Insights into the HER-2 receptor tyrosine kinase mechanism and substrate specificity using a transient kinetic analysis

The HER-2/erbB-2/c-neu proto-oncogene encodes for an EGF receptor-like protein which has been implicated in the pathogenesis of several human malignancies. Although much has been learned about the physiological significance of this receptor tyrosine kinase, its catalytic mechanism remains poorly understood. We have expressed, purified, and characterized two recombinant proteins corresponding to a full-length (HCD) and truncated (HKD) construct of the HER-2 intracellular tyrosine kinase domain and have identified an optimal substrate (GGMEDIYFEFMGGKKK; HER2Peptide) through screening of a degenerate peptide library. We have conducted a transient kinetic analysis of the HER-2 proteins (HCD and HKD) to illuminate mechanistic details of the HER-2 pathway.

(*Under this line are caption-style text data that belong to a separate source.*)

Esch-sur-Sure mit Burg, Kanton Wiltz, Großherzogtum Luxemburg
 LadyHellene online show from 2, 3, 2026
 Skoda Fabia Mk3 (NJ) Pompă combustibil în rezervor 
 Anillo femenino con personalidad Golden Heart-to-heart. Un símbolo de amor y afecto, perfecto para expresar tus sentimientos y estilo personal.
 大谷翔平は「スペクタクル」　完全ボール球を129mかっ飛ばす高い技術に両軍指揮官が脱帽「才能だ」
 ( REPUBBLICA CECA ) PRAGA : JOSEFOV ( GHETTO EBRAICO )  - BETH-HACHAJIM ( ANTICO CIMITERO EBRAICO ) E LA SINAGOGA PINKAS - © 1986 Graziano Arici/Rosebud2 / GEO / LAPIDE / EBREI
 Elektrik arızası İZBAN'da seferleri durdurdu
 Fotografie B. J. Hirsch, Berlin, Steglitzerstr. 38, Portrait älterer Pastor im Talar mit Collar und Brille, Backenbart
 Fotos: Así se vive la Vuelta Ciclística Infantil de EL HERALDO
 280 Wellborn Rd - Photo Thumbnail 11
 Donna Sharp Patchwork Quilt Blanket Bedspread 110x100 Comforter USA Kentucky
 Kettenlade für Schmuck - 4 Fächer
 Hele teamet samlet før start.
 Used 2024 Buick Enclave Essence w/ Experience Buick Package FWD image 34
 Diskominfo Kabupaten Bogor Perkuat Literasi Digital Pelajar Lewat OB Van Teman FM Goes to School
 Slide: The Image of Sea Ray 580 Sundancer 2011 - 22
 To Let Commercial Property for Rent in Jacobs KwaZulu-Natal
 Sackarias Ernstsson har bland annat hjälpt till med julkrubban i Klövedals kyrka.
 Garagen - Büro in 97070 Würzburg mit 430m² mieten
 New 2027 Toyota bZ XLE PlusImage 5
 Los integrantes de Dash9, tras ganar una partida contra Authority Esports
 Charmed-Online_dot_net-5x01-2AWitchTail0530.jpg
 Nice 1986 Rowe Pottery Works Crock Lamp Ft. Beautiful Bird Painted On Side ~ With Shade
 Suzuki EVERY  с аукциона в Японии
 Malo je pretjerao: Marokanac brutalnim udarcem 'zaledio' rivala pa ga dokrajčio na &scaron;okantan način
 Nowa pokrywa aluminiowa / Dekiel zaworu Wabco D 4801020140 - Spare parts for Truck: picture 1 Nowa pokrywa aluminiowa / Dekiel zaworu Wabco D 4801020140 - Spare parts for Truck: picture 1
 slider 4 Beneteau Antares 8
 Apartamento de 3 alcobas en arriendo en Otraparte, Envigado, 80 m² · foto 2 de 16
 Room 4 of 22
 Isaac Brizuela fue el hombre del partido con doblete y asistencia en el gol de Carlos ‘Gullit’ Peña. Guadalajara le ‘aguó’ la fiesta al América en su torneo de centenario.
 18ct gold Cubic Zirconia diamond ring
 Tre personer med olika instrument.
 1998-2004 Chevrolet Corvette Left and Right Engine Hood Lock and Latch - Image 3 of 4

In particular, stopped-flow fluorescence studies with mant (N-methylanthraniloyl)-nucleotide derivatives provided direct measurements of the association and dissociation rate constants for these nucleotide interactions with the HER-2 recombinant proteins, thereby enabling the determination of nucleotide k(d) values. Moreover, the actual step of chemical catalysis was isolated using rapid chemical quench techniques and shown to occur approximately 3-fold faster than the steady-state rate which corresponds to product release. Evidence is also provided that suggests a conformational change that is partially rate-limiting at least in HCD. Furthermore, the role that the phosphorylation state of the protein may play on catalysis was examined. Studies carried out with pn-phosphorylated recombinant HER-2 proteins suggest that while autophosphorylation is not a prerequisite for enzymatic activity, this protein modification actually directly affects the catalytic mechanism by enhancing the rate of ADP release and that of the rate-limiting step. While a pre-steady-state kinetic analysis has been carried out on the catalytic subunit of cAMP-dependent serine/threonine kinase, to our knowledge, this study represents the first reported transient kinetic investigation of a receptor tyrosine kinase. This work serves as a basis for comparison of these two important protein kinase families and in this report we highlight these similarities and differences.